Si le « burnout » tient souvent à un allongement insoutenable de la durée du travail, il peut également être le résultat des dysfonctionnements et de l’instabilité de son organisation.

Voici un livre original consacré au burnout. Original parce que ce n’est pas le témoignage d’un salarié dont le manager de proximité pratiquerait un management « toxique ». Non, original parce que c’est justement le témoignage d’un responsable des ressources humaines d’un grand groupe français, l’histoire d’un « RRH » qui a fini par se brûler les ailes, lesquelles ont mis plus d’un an pour repousser.
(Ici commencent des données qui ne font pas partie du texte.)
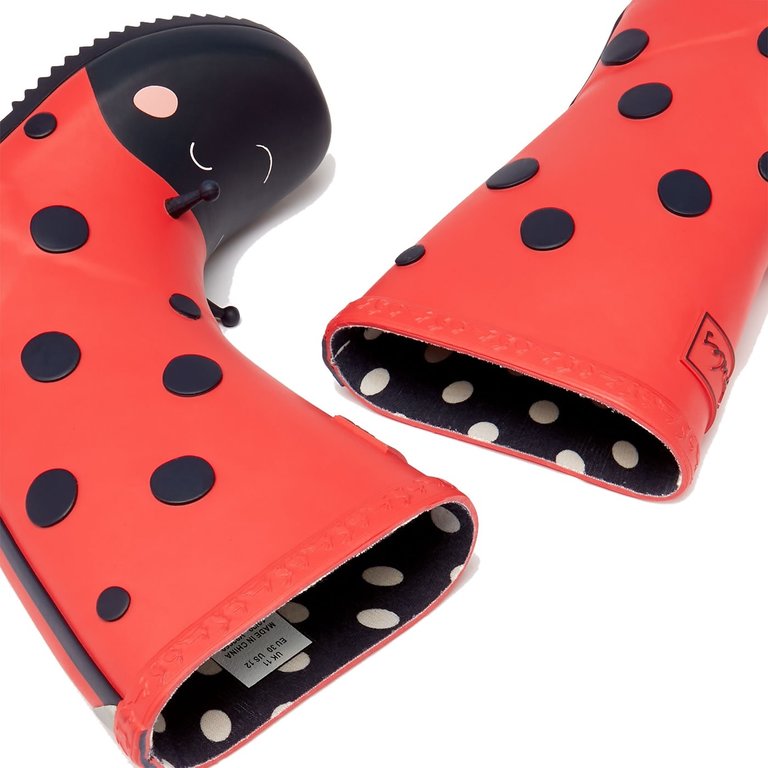 JOULES JOULES JNR ROLL UP WELLY RED LADYBUG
Original également parce que cet ouvrage est écrit à la façon d’un recueil de nouvelles réunies en cinq chapitres, partant du témoignage personnel de son épuisement professionnel, pour aller au questionnement des processus qui peuvent mener à un burnout.

 

L’enjeu des conditions de travail

Xavier Ménard, Responsables de Ressources Humaines d’un grand groupe français, décrit dans ce livre ce qu’il appelle son « burning out». Il questionne le sens du travail et la souffrance psychique qui accompagnent l’épuisement professionnel.

Le premier chapitre est consacré à l’irruption des manifestations de son épuisement, « le jour J », celui où la plus simple des actions devient impossible à faire, quand tout s’effondre.
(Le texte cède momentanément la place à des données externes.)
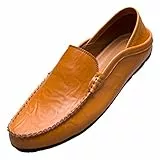 Unitysow Mocassini Uomo Pelle Estivi Pantofole Casual Eleganti Slip On Scarpe da Guida Scarpe da Barca Classic Loafers Giallo 40EU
Le deuxième chapitre est intitulé « cause réelle et sérieuse », ce qui est un clin d’œil au Droit du travail qui indique l’obligation qu’a l’employeur de ne licencier à titre personnel que pour « cause réelle et sérieuse ».

La troisième partie quitte la question personnelle pour s’intéresser aux conditions de l’exercice du travail qui peuvent mener à cet épuisement professionnel. Car, si on ne pense au burnout que comme une surcharge de travail et donc un épuisement d’abord physique dû à des semaines de 50 heures, 60 heures et plus, alors on passe à côté du fait qu’il peut aussi survenir chez des salariés ne dépassant pas les 35 heures de travail hebdomadaire, mais aux prises avec des conflits de valeurs, des dissonances cognitives, émotionnelles, des dysfonctionnements organisationnels, etc.
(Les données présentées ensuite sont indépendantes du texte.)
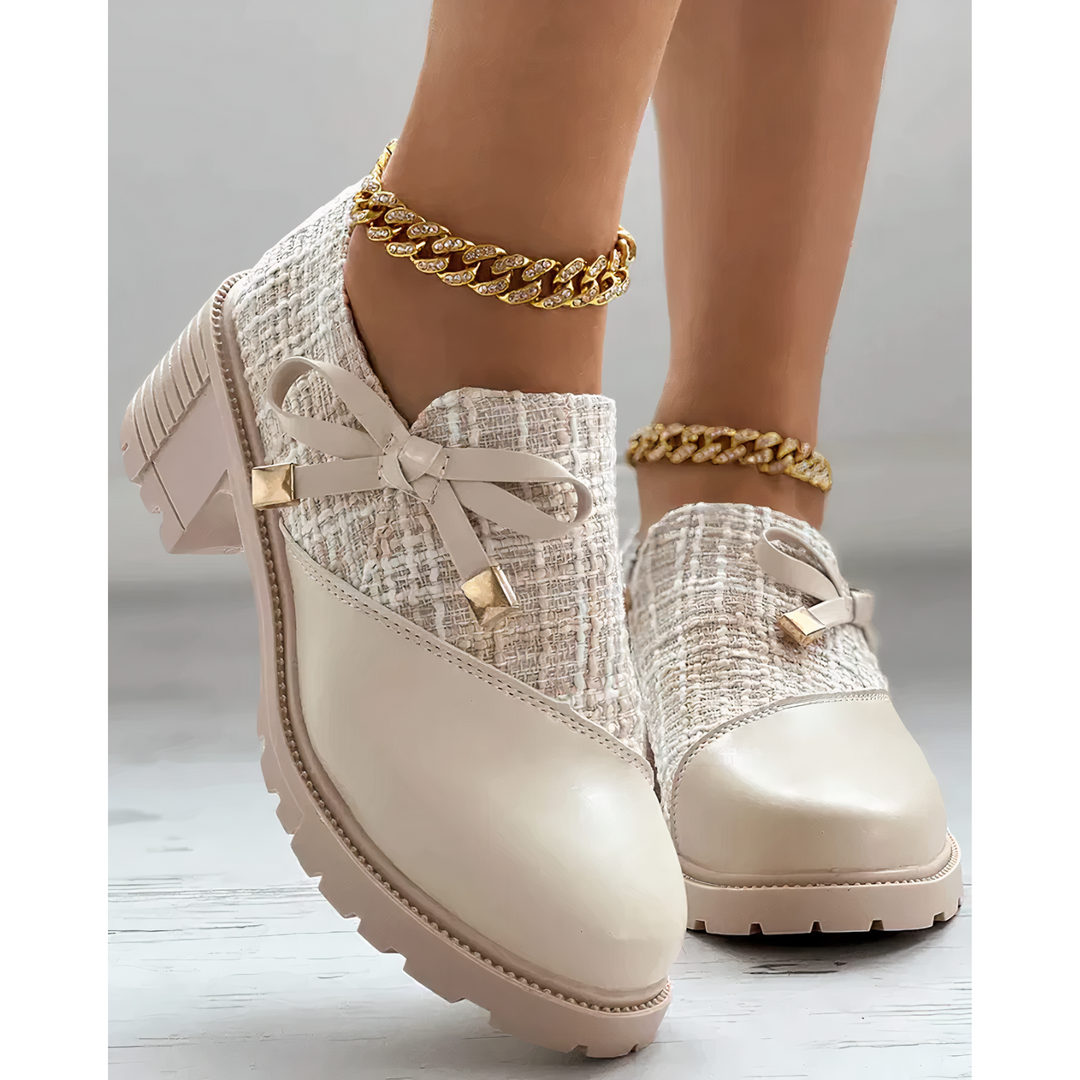 Stylish Block Heel Shoes with Bow Details - Florina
C’est cette voie que Xavier Ménard interroge, celle de la vie même des entreprises. Il décrit les réorganisations incessantes qui font perdre le sens du travail, les changements de managers que les réorganisations imposent sans prendre en compte l’aspect humain de ces réorganisations, et le besoin de repères, d’identification de rôles suffisamment stables. Il discute alors cette gestion des ressources par tableaux Excel, qui oublie la part « humaine » de l’entreprise.

Bien loin de vouloir faire un procès à l’entreprise dans une dialectique manichéenne, l’auteur interroge ainsi le fonctionnement des entreprises, l’organisation matricielle et les conséquences possibles sur les « ressources humaines » lorsque leur spécificité est perdue de vue.

 

L’entreprise face au burn out

Ensuite, il aborde la question de la position des entreprises face au burnout, dont le Document Unique d’Évaluation des Risques qui doit prendre en compte les risques dits « psycho-sociaux ». Il s’interroge sur le possible conflit de loyauté que peuvent rencontrer toutes les personnes dédiées à la prévention des risques en entreprise, et qui seraient rémunérées par l’entreprise elle-même : préventeur, psychologue du travail, médecin du travail en service autonome. Conflit de loyauté, mais aussi conflit d’intérêt quand la rémunération du personnel de prévention est indexée à la « réussite » de sa mission préventive, la question de la réussite étant ambiguë… Il discute alors l’obligation de moyens et l’obligation de résultats dans une entreprise où la Qualité de Vie au Travail ne serait pas une des priorités, contre le bien des salariés et, bien évidemment par ricochet, contre le bien de l’entreprise elle-même !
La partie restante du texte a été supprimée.